[Work item]
Restate all of the records below exactly. Do not carry over any image.

[Data provided]
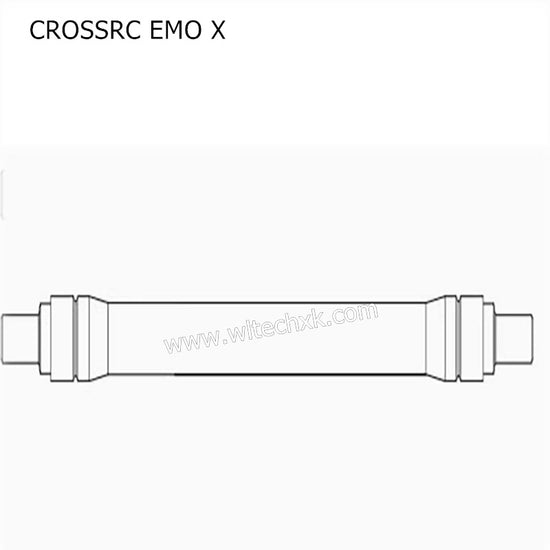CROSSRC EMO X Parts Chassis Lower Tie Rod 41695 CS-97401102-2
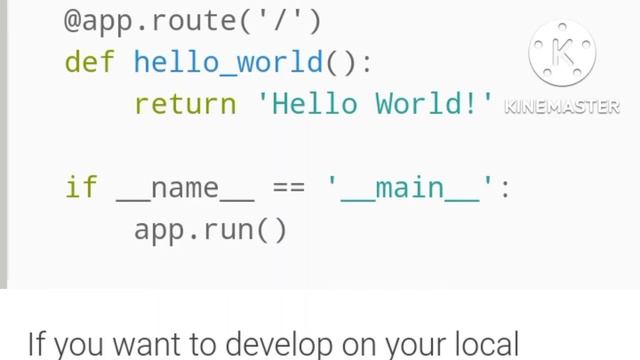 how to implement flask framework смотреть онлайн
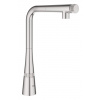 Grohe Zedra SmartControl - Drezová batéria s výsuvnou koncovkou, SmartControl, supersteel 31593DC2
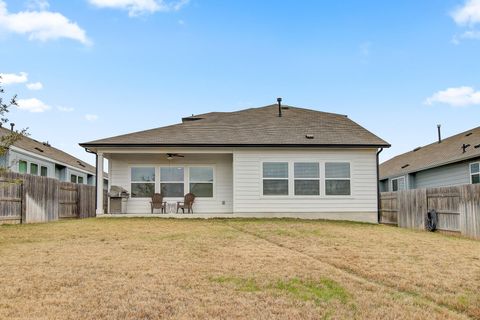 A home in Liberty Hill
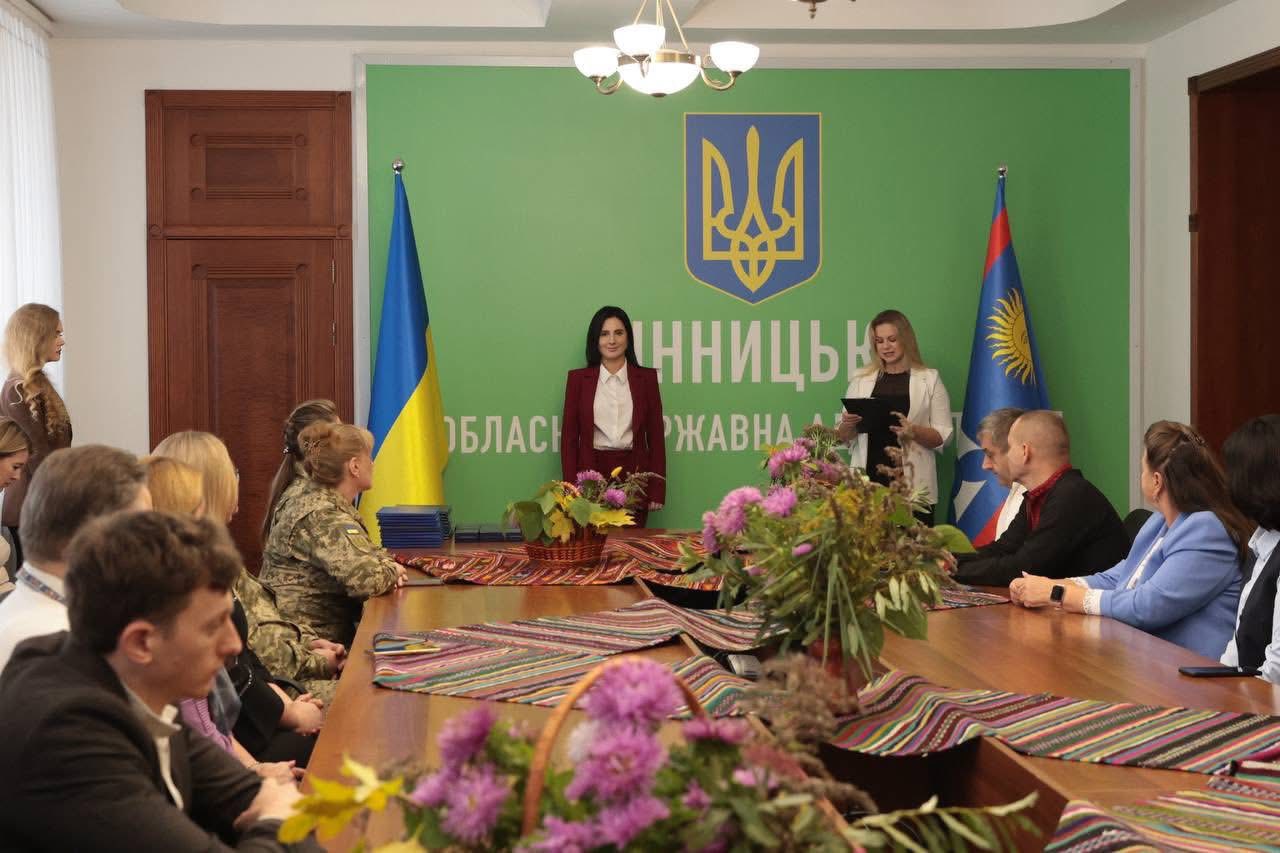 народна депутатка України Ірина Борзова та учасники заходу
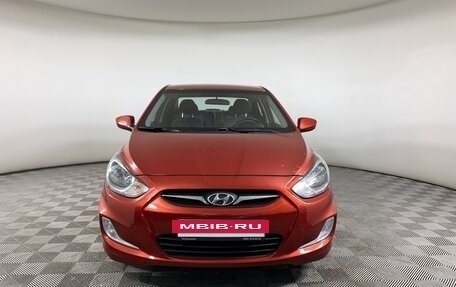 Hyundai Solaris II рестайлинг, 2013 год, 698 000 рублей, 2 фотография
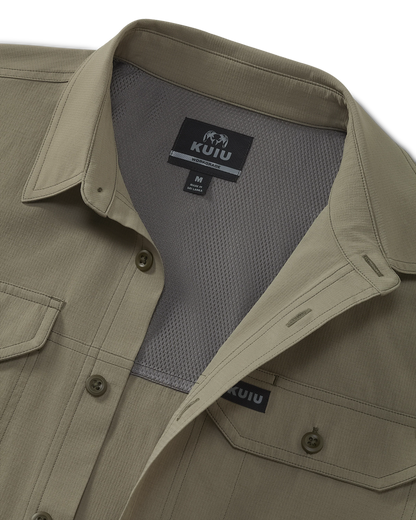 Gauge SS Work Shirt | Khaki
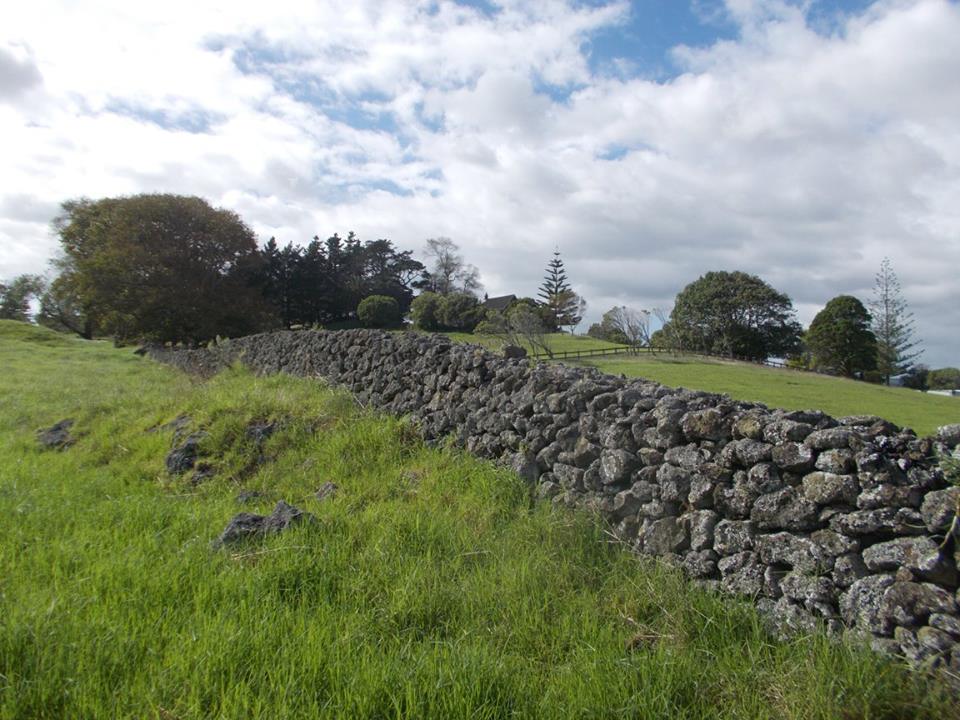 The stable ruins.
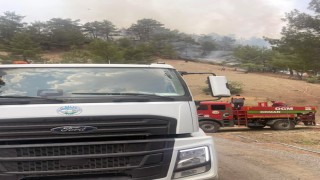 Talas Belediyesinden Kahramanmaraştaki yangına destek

[Task solution]
CROSSRC EMO X Parts Chassis Lower Tie Rod 41695 CS-97401102-2
 how to implement flask framework смотреть онлайн
 Grohe Zedra SmartControl - Drezová batéria s výsuvnou koncovkou, SmartControl, supersteel 31593DC2
 A home in Liberty Hill
 народна депутатка України Ірина Борзова та учасники заходу
 Hyundai Solaris II рестайлинг, 2013 год, 698 000 рублей, 2 фотография
 Gauge SS Work Shirt | Khaki
 The stable ruins.
 Talas Belediyesinden Kahramanmaraştaki yangına destek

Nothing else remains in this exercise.